The Conservatives continually fight for larger and more damaging austerity measures despite the fact that the effect this has on GDP growth and by extension tax revenues means that they're not reducing the deficit and doing huge social damage at the same time.
The focus on deficits is based on the idea that any minute investors are going to lose confidence in our ability to borrow and send us into a downwards spiralling debt crisis like the ones seen in Greece, Portugal, Spain and Italy. Yet Nobel Prize winnning economist Paul Krugman disagrees with this assesment pointing out that our debt/GDP ratio is low by historical standards and our bond yield rate is amongest the lowest in the world:
See Paul Krugman's Blog Post: http://krugman.blogs.nytimes.com/2011/12/04/british-debt-history/
Further Krugman argues that the true reason why there is a debt crisis in Europe is not fiscal irresponsibility in Southern European states, many of the countries now on the precipice (Spain and Ireland) actually had budget surpluses going into the economic crisis, but it is the inability of the European Central Bank to print more money and act as a lender of last resort which has caused an increased perception of risk and increased bond yields. In the same token it is not David Cameron's fiscal austerity that is saving the UK from the ire of the bond markets but the fact that the Bank of England will always be there to buy UK government debt should things get hairy. As evidence Krugman submits that all stable western countries have seen the same reduction in bond yields regardless of their budget deficits, their debt/GDP ratio, or long term growth prospects. Below is a graph of bond yields for the US, Japan, Sweden and the UK.
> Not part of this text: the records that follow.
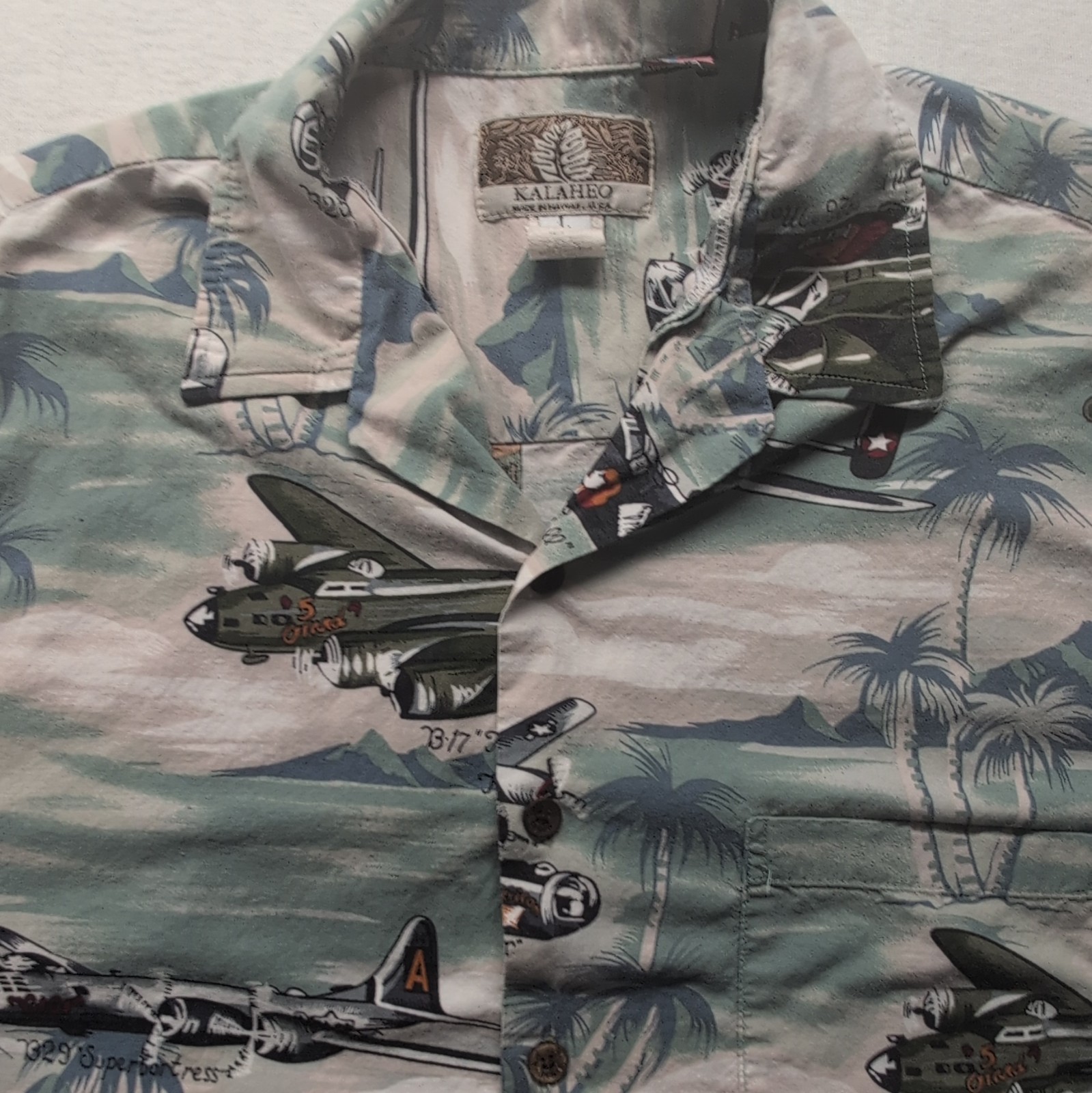 Kalaheo Men’s Large WWII Bomber Plane Hawaiian Shirt Made In USA Cotton Rayon L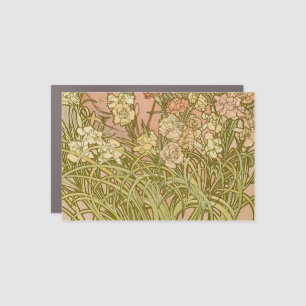 Art Nouveau Alfonse Mucha Floral carnation flowers Car Magnet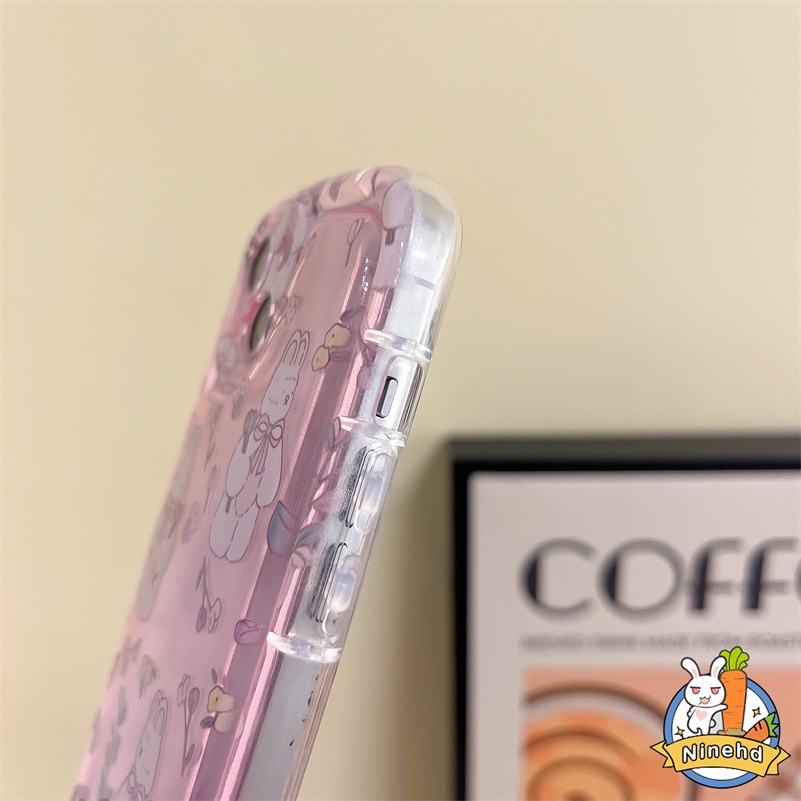 IPHONE Casing Kompatibel Untuk Iphone14 13 12 11 Pro Max X Xr Xs Max SE 8 7 6 6s Plus Gadis Hati Bunga Pink Kelinci Casing Ponsel Tanpa Rantai Tangan Silikon Tebal Soft Case Cover Pelindung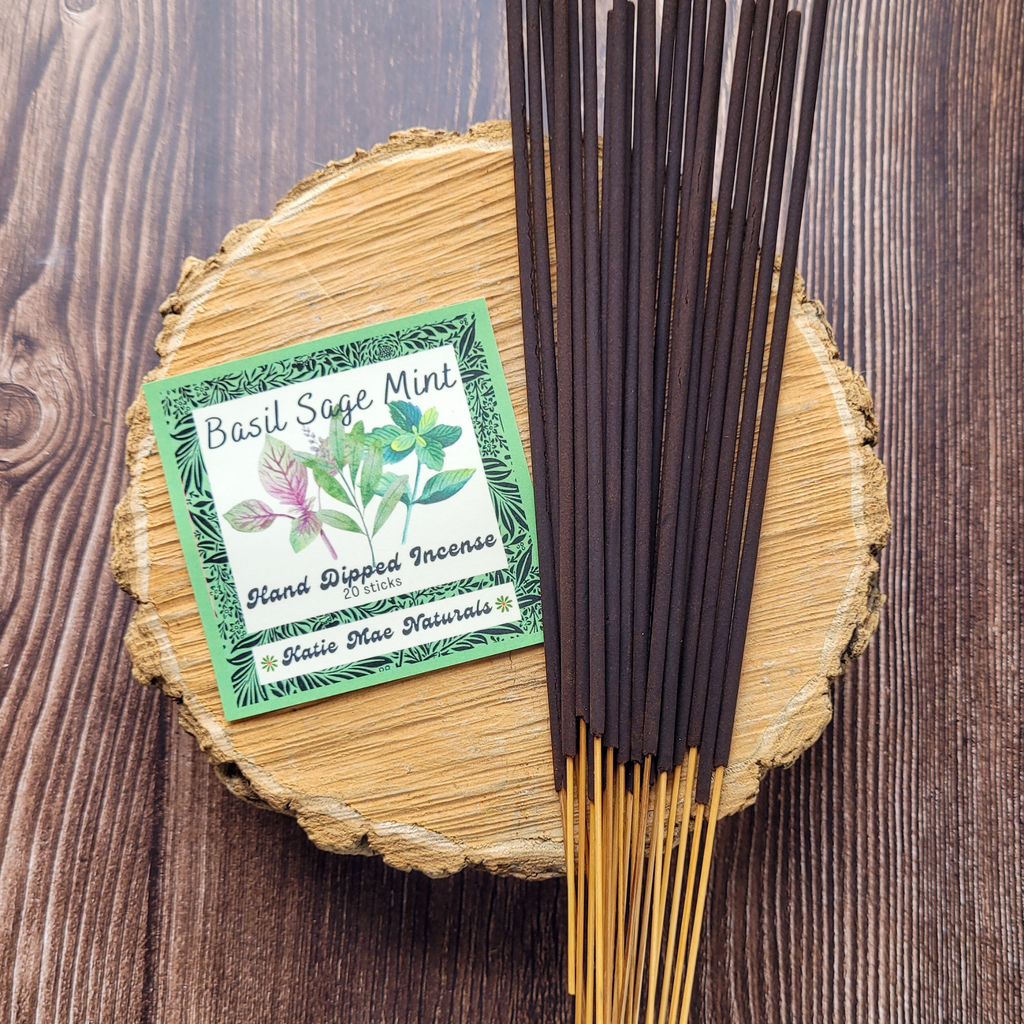 Basil Sage Mint Incense Sticks – Hand Dipped Fresh Herbal Incense | Incense | Wiccan Center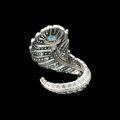 wholesale 925 Silver Gold-Plated Ring with High-Carbon Diamonds, Feather Design, Aquamarine, High-End Jewelry, Versatile Accessories, Women's Style Ring-0-3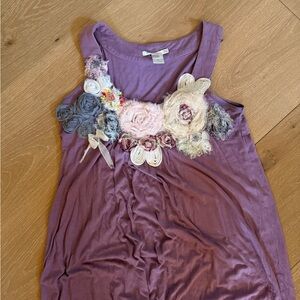 Floral Embellished Purple Tank Top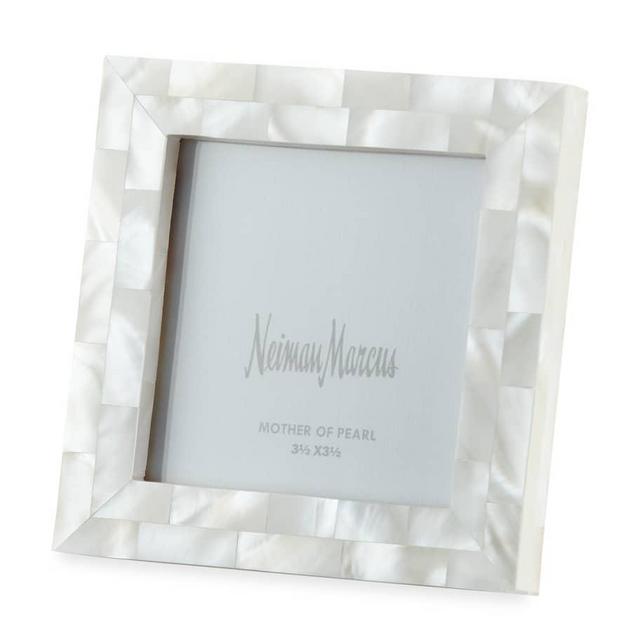 The Jws Collections Mother-of-Pearl Picture Frame, White, 3.5" x 3.5"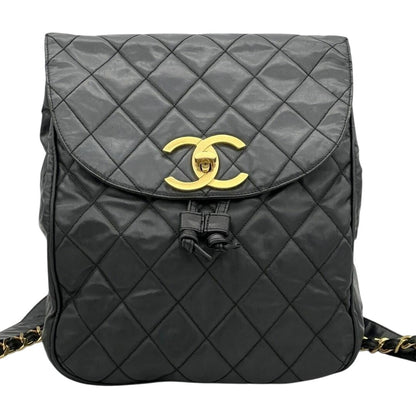 CHANEL CC Vintage Backpack Bag Patent Leather Black Turnlock Chain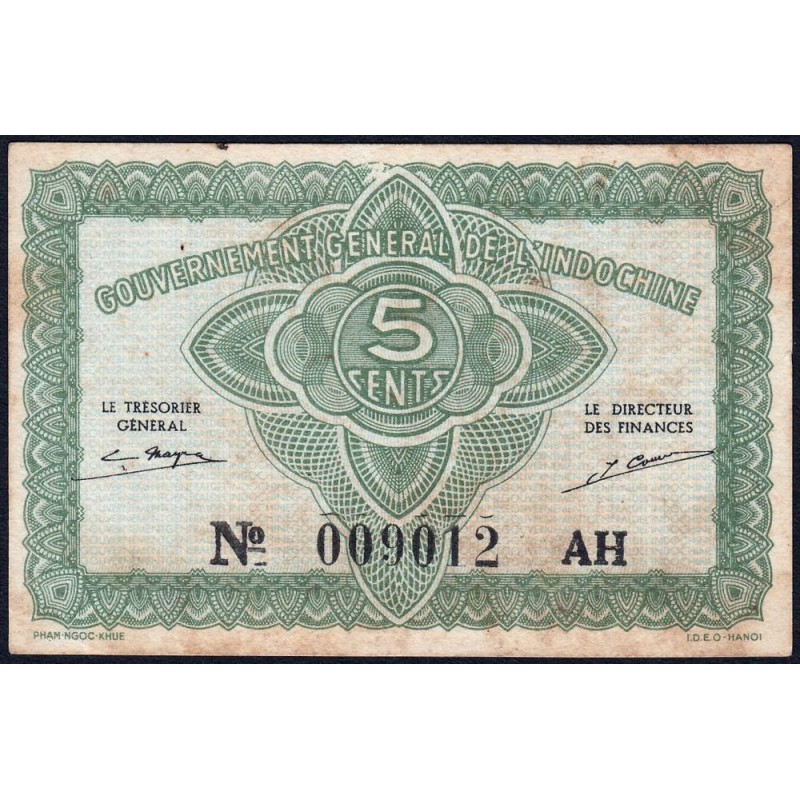 Indochine Française - Pick 88a_2 - 5 cents - Série AH - 1943 - Etat : TTB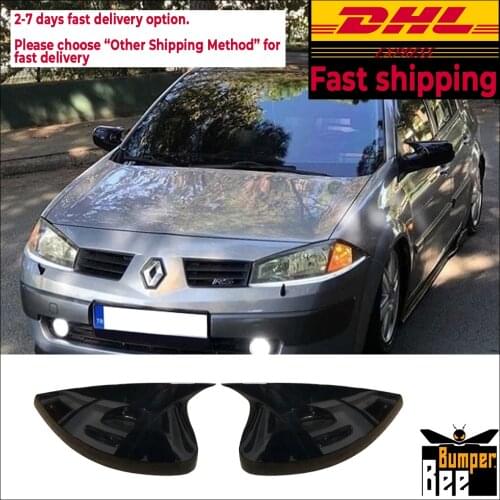 Mirror Cover for Renault Megane 2 2002 2003 2004 2005 2006 2007 2008 2009 Accessory Bright Black BATMAN Case CAR Shield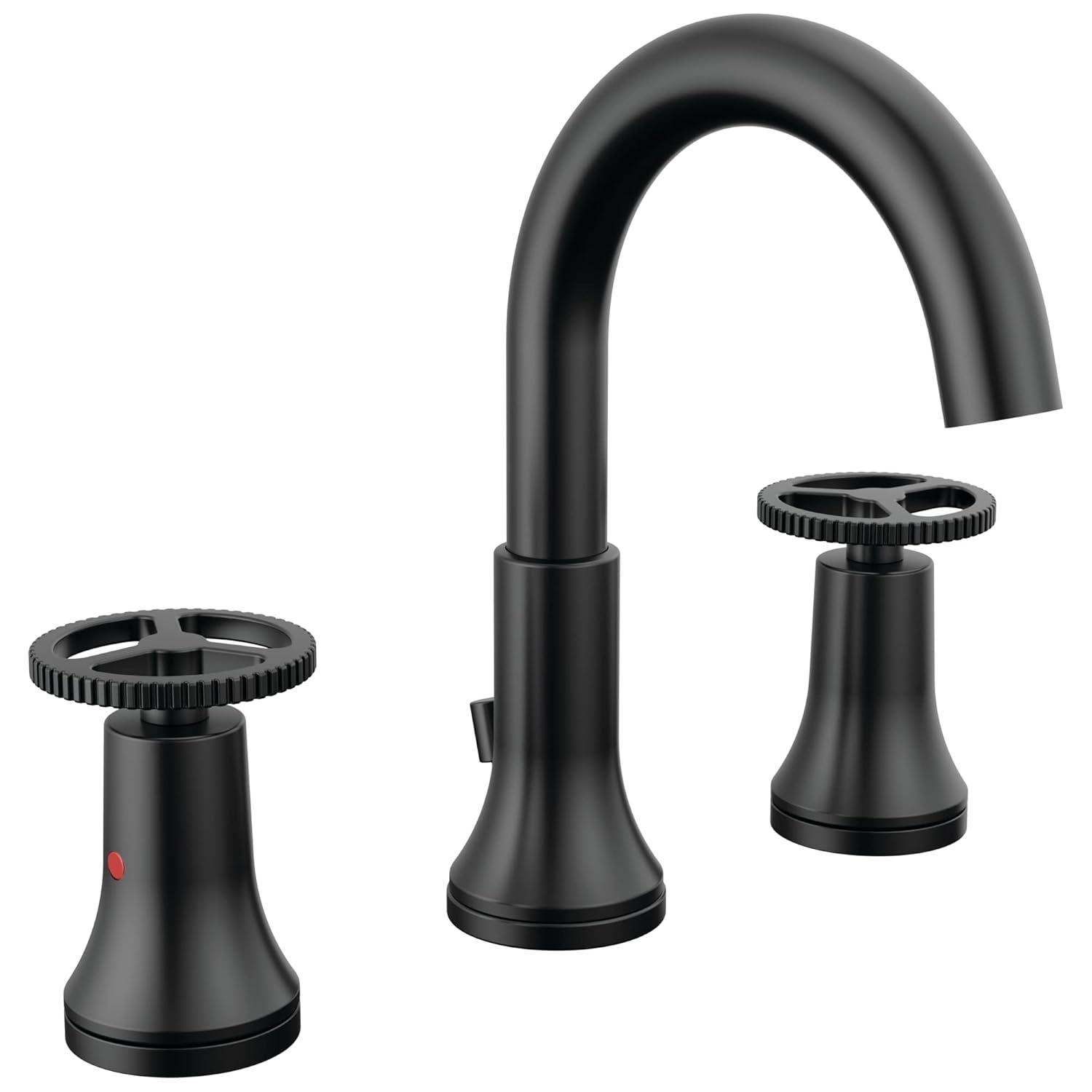 Trinsic Widespread Bathroom Faucet 3 Hole with Wheel Handle, 2-handle Bathroom Sink Faucet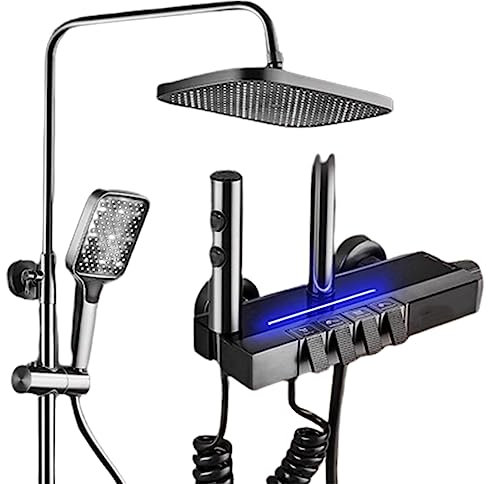 DRFGNF Set Doccia con Display Digitale a LED, Tasti del Pianoforte a Parete, termostato Completamente in Rame, Luce Ambiente a LED Blu (Grigio Caldo e Freddo)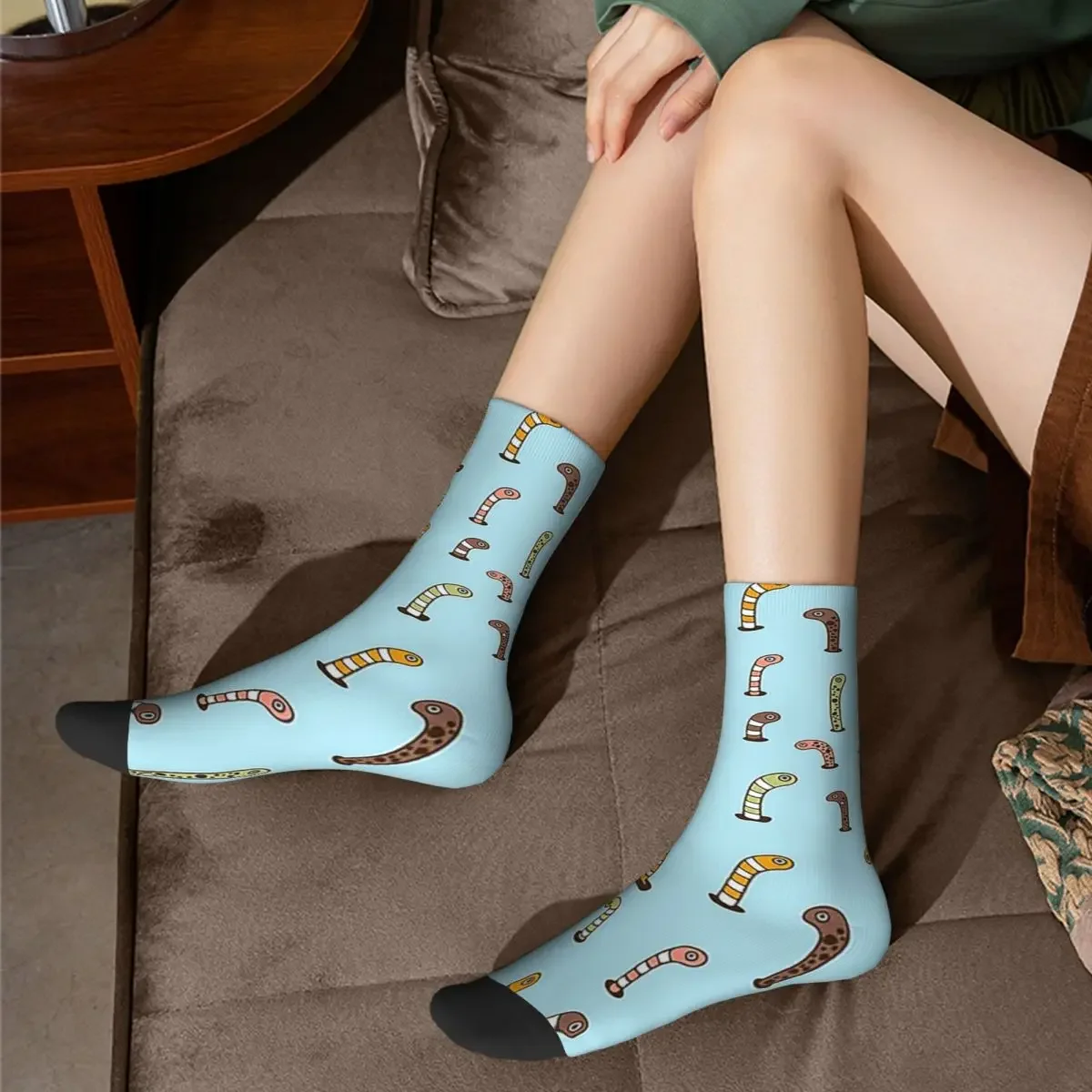 Chaussettes en forme d'anguilles de jardin, bas Harajuku super doux, chaussettes longues toutes saisons, accessoires pour cadeaux de Noël unisexes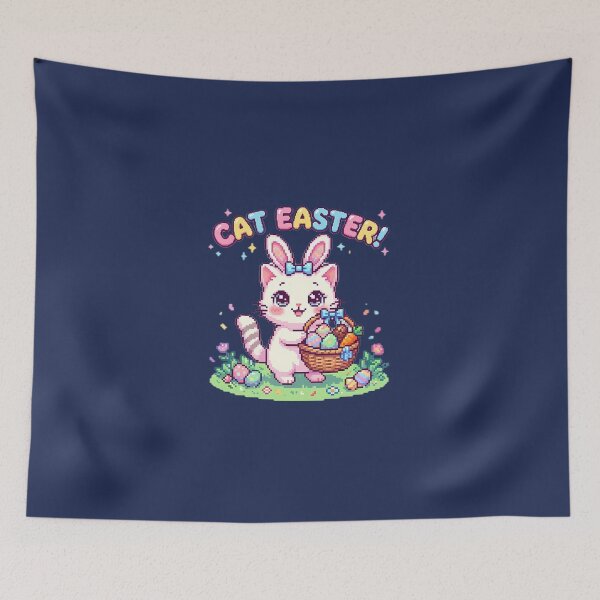 Item preview, Cute Kawaii Pixel Art Cat Easter Bunny designed and sold by PixelAlchemyHQ.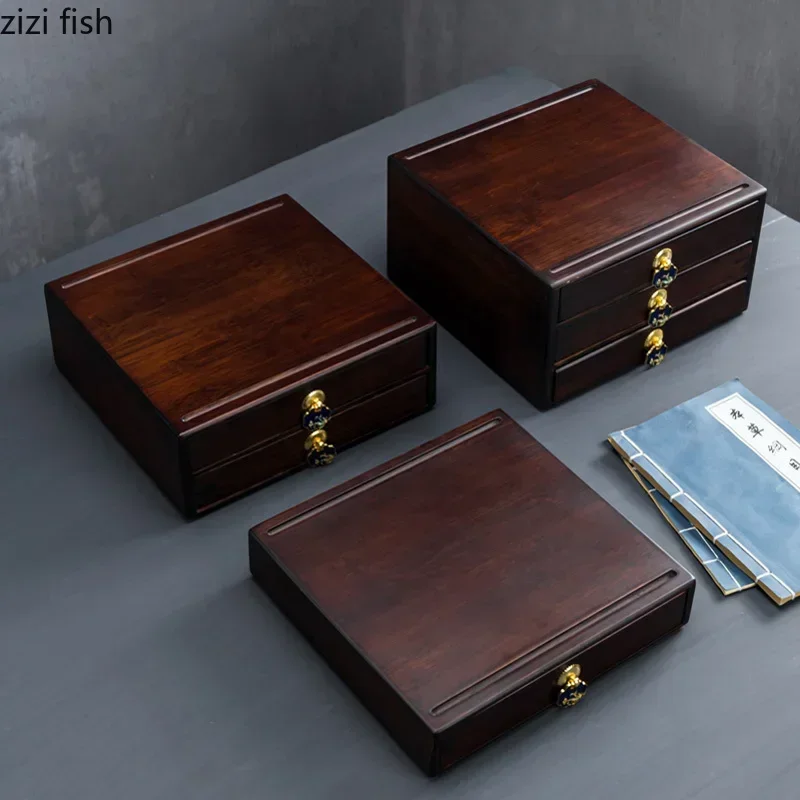 

Tea Cake Storage Box Bamboo Drawer Storage Box Desktop Tea Organizer Tea Boxes Ceremony Accessories Tray Bamboo Cabinet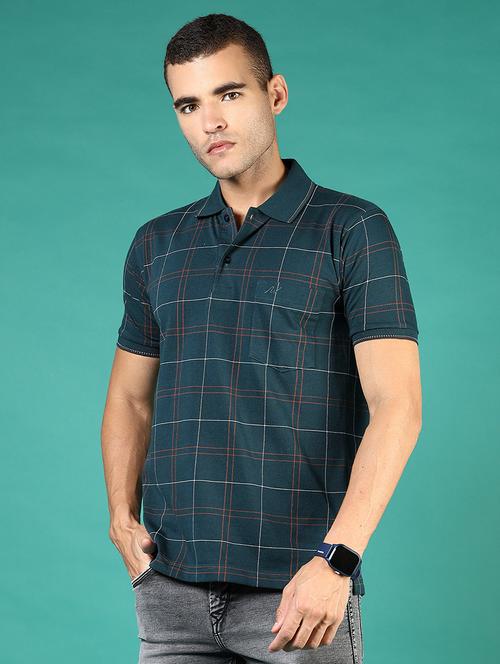 men teal checkered short sleeve regular fit polo t-shirt - 21853881 - Very Small Image - 1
Notice particularly that Japan has yield rates of below 1% even though they have a debt/GDP ratio of over 200%. Notice also how the US and UK rates are almost identical despite the US having a $1 trillion budget deficit that is only forecast to get larger and a debt/GDP ratio of 100%. The UK has a debt/GDP ratio of a meagre 62.8% (ONS stats November 2011). Every time that Cameron takes credit for preventing a debt crisis he is hoping that we don't realise that the same thing has been happening to every non-euro developed country in the world.